I also have always had the greatest awe and
respect for Ichiro’s talent and achievements. But it is because he is
such a huge presence that his remarks exert influence in both positive
and negative ways beyond his own intentions. What I question is the
reaction of Japanese society to Ichiro’s remarks.
What bothered
me in particular was, after suffering successive defeats to Korea in the
second round, Ichiro’s comment that “Today is the most humiliating day
in my life of baseball”. The word “humiliation” does not only express
one’s inner feelings of rival-consciousness or regret, it also includes a
sense of resentment that one has suffered an unjust insult from an
opponent. I can’t help but feel the nuance of looking down on the other
side. Lets say that you were promoted faster to the position of
subsection chief or section chief than a close colleague who started
working at the company at the same time as you. If that employee said,
“That is the biggest humiliation”, wouldn’t you feel that he or she was
looking down on you? Of course I also thought that, by putting the
Korean flag on the mound as though they were American astronauts landing
on the moon, the behavior of the Korean players was “unseemly”, but I
did not think it was “humiliating”.
After that, when it was
decided that Japan would play against Korea a third time, Ichiro stated
that “it would be unforgivable for Japan to lose three times to the same
opponent.” Then I thought, that tone of always wanting to fight reminds
me of someone, and I realized that that was the way that Prime Minister
Jun -“ichiro” Koizumi talked at interviews last summer when the postal
privatization bill was rejected and he dissolved the House of
Representatives.
Yes, the two of them resemble each other. With
their fists and emotions bared, they work themselves up, create an
imaginary enemy, and then sing their own praises after they have won.

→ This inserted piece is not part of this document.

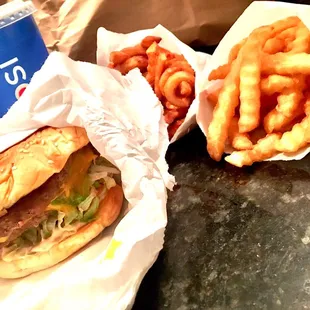 Double cheeseburger with crinkle and curly fries!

Right down until after winning the championship, the only thing that
came out of Ichiro’s mouth was praise for how wonderful the Japanese
players and Japanese baseball are. The two of them are also identical
with regards to their lack of sensitivity in not making any effort to
imagine the feelings of our neighbor, Korea.
But what I felt to
be the strangest thing was that so many Japanese people also seem to
possess that same lack of sensitivity. Even more odd is the fact that
Ichiro’s remark about “humiliation”, which is discriminatory no matter
how you interpret it, did not stir up a lot of fuss in Japan, starting
with the mass media for one. I even think that it boils down to this;
maybe nobody thought to question it because a lot of Japanese people
have the same kind of discriminatory feelings lurking inside of
themselves.
That’s just my opinion, but with the issue of the
prime minister’s visit to Yasukuni Shrine getting messier and messier,
feelings of repugnance toward Korea among Japanese people are probably
getting stronger. And isn’t it true that Ichiro’s remarks at the WBC
match perfectly with this trend? To put it in an extreme way, it even
looks to me like Ichiro’s remarks, as a threat to Korea’s meddling in
the domestic matter of the visit to Yasukuni Shrine, got the endorsement
of Japanese audiences.
Regarding the Prime Minister’s Yasukuni
Shrine visit, many opinion polls show an almost even split between those
for and against. Yet the number of people who actually go to Yasukuni
Shrine themselves is very small. Before Prime Minister Koizumi started
going and it became an issue, how many of those people who agree with
the prime minister’s visit would have been thinking, “Why doesn’t the
prime minister go to Yasukuni Shrine?”
To me, it just looks like
public opinion is creating an imaginary enemy. I even get the feeling
that it’s just a kind of nastiness, like the Yasukuni Shrine itself is
not actually important, but because Korea and China will complain about
it, let’s really show them and go! Doesn’t that include a desire to
offend, wanting to build oneself up by looking down on another?
I
felt a dark shadow on what should have been the development and victory
of a good game at the WBC, because it was an event where this kind of
latent desire to offend within Japan plainly started to show itself.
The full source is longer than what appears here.